> **REQUIRED WORK**: Give back exactly the stretch of data below from the line holding "Food & Drinks" through the line holding "БАЊАЛУКА 25. ЈУНА", both ends included, and leave the remaining lines out.

> **Data excerpts**:
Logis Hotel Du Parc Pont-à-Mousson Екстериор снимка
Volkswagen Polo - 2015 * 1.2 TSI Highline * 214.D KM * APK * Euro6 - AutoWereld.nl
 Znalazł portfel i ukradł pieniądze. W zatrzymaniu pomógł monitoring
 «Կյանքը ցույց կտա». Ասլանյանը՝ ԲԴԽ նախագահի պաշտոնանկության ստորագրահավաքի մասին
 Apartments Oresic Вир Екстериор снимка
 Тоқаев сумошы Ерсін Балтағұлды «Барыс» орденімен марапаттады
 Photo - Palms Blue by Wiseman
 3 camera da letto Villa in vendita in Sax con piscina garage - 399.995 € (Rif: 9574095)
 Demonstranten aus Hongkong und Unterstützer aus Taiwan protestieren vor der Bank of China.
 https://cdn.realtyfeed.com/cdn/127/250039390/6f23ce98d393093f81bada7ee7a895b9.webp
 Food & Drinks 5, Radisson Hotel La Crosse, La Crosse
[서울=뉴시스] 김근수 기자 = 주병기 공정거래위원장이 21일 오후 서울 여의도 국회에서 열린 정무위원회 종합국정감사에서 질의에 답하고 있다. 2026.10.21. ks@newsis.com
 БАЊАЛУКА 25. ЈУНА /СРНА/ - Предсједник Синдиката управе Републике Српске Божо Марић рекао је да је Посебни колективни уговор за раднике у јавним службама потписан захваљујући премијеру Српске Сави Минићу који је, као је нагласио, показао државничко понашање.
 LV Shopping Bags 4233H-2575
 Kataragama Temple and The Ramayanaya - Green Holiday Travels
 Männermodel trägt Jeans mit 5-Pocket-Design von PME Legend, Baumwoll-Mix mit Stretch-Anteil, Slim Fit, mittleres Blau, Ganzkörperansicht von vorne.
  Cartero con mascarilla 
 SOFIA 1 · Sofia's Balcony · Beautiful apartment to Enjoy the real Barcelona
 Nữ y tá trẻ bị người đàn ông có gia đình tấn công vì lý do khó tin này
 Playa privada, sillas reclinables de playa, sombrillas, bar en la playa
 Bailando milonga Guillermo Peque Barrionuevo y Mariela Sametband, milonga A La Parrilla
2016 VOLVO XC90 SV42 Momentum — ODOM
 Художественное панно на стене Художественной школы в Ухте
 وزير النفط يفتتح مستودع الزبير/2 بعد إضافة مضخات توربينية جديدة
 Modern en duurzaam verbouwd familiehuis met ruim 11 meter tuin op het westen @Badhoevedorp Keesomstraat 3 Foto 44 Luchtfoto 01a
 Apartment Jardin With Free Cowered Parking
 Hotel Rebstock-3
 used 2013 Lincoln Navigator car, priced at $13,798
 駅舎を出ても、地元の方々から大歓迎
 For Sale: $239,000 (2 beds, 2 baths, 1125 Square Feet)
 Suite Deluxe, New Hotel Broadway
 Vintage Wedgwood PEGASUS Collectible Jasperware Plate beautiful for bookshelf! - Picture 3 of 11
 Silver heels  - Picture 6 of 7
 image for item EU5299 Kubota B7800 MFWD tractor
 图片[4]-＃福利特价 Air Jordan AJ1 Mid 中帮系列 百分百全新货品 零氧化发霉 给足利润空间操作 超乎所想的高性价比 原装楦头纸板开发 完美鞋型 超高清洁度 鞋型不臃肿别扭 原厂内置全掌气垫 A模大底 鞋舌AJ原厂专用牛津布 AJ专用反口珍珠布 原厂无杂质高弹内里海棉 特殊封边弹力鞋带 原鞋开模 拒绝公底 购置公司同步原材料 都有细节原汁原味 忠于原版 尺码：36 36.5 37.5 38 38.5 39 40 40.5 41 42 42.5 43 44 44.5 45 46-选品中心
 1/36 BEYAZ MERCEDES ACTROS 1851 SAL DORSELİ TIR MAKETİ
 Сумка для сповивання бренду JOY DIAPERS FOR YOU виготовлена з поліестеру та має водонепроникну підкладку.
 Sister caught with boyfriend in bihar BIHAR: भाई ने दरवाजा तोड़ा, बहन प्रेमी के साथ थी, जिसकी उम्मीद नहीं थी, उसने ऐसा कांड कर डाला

> **RESULT OF THE TASK**:
 Food & Drinks 5, Radisson Hotel La Crosse, La Crosse
[서울=뉴시스] 김근수 기자 = 주병기 공정거래위원장이 21일 오후 서울 여의도 국회에서 열린 정무위원회 종합국정감사에서 질의에 답하고 있다. 2026.10.21. ks@newsis.com
 БАЊАЛУКА 25. ЈУНА /СРНА/ - Предсједник Синдиката управе Републике Српске Божо Марић рекао је да је Посебни колективни уговор за раднике у јавним службама потписан захваљујући премијеру Српске Сави Минићу који је, као је нагласио, показао државничко понашање.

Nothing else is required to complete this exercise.